The Basic Reed Woodwind
Reed woodwinds include saxophones, clarinets, oboes, and bassoons. Other reed instruments include harmonicas, accordions, and some organ pipes. These pages will concentrate on monophonic instruments, like saxophones.
Our discussion will assume some familiarity with the blown pipe model. In fact, we’ll borrow some pieces of it.
Reed woodwinds can have two kinds of reeds: a single reed, as used in a clarinet or saxophone, or a double reed, as used in an oboe or bassoon. Since I can’t find a double-reed model, we’ll model a single reed, and then use EQ to attempt to mimic oboes and bassoons.
Reed woodwinds can have two kinds of bores: a cylindrical bore, as used in a clarinet, or a conical bore, as used in saxophones, oboes, and bassoons. Our bore will be able to simulate both kinds of bores.
The basic model
The basic model is below. It doesn’t sound like much yet, but don’t be discouraged. There are many improvements to be made.
How does it work?
The operation is similar to our blown pipe. Once again, the combination of the jet driver and a tuned delay is the basis of the model. In fact, the jet driver is identical to the one in the blown pipe model.
It’s the delay line that’s different. In fact, there are two delays, one each in the Left Side Pipe and Right Side Pipe.
Let’s trace the signal flow. We’ll begin with the Left Side Pipe. This section contains a delay line, a lowpass filter, and a gain control.

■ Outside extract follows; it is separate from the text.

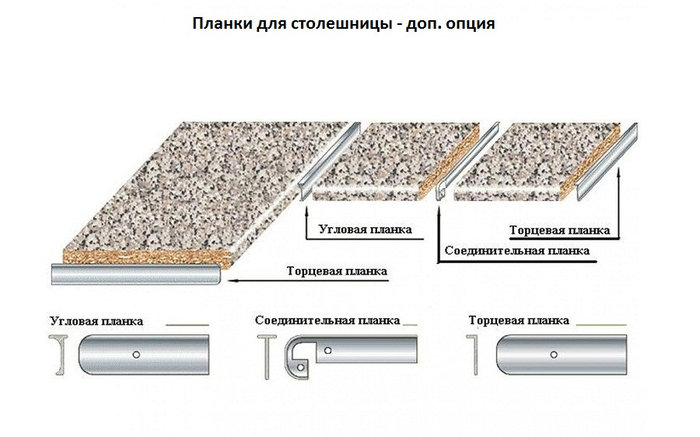 Бийская сосна столешница скиф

The output then goes to the Right Side Pipe, and is inverted as it enters. The Right Side Pipe is identical. It contains another delay line, a lowpass filter, and a gain control. The output then returns to the Left Side Pipe, and is again inverted as it enters. Notice that the lowpass filters and gain controls have matching characteristics, but that the delay lines can have different lengths.
It turns out that this loop is, in fact, the standard physical model of a string. One delay represents the length of string from the pick to the bridge, and the other delay represents the length of string from the pick to the nut. The lowpass filters and inverting gain controls represent the reflections and energy losses at the bridge and nut.
But instead of “plucking” the string by injecting a noise pulse into it, we’ve placed a jet driver at the pick point. We’ve summed the outputs of the delays, divided them in half, and then added them to the input air pressure. This feeds the jet driver. The output of the jet driver goes back into both delay lines. This kind of model is called a “blown string”. It’s an attempt to model a conical bore in an inexpensive way.
Cylindrical and conical bores
It’s the cylindrical bore of a clarinet that gives it that “woody” sound. This is because the straight bore supports only odd harmonics (more or less). The conical bores of saxophones, oboes, and bassoons are the reason that their sounds include even harmonics.
There are two common ways to model conical bores. The “physical” way is to create something called a Kelly-Lochbaum filter, containing dozens of tiny delay lines, adders, and multipliers. Using this method, any shape of bore can be created.
We don’t have a Kelly-Lochbaum module in the G2, so we’ll use the “non-physical” way: the blown string. It can’t do everything a Kelly-Lochbaum filter can do, but it’s enough to create even harmonics, and we can do the rest with EQ.
We’ll control the “shape” of our bore by controlling the ratio of the delay line lengths, via the Pan knob on the “Splitter” Pan module. If the knob is in the center, the two lengths are equal, and our pipe sounds woody, like a clarinet. But if one length is longer than the other, the sound begins to include even harmonics. Varying this control is a lot like varying the pulse width of a pulse-wave oscillator. Regardless of the position of the Pan knob, the total length of the loop remains the same, and this is why the pitch doesn’t change when the Pan knob is moved.
The delays are tuned using an old trick from the original Nord Modular: the Level Scaler Module. This module can be linked to the keyboard and adjusted to output a -6dB/octave slope. Since -6dB represents a 50% reduction, and since we want the delay line to become 50% shorter with each increasing octave, this module is perfect for the task.